### Records supplied:
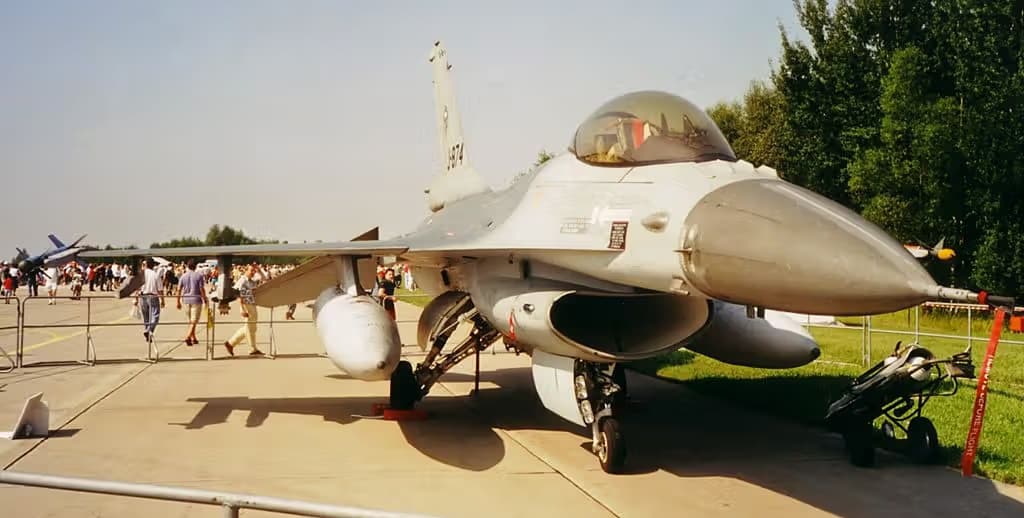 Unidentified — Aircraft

==

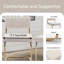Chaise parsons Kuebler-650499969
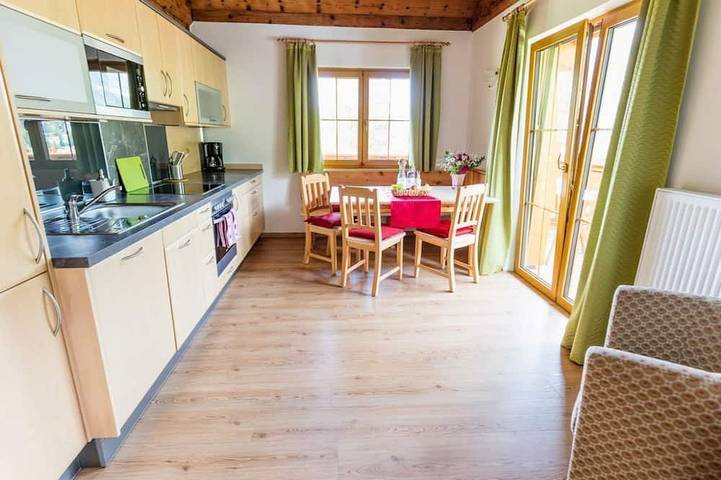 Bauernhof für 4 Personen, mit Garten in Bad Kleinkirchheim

==

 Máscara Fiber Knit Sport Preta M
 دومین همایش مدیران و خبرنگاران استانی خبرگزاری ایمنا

### What to do:
Take the lines above starting at the one containing "Chaise parsons Kuebler-650499969" and ending at the one containing "Bauernhof für 4", and print them again exactly, without pictures.

### Result for this task:
Chaise parsons Kuebler-650499969
 Bauernhof für 4 Personen, mit Garten in Bad Kleinkirchheim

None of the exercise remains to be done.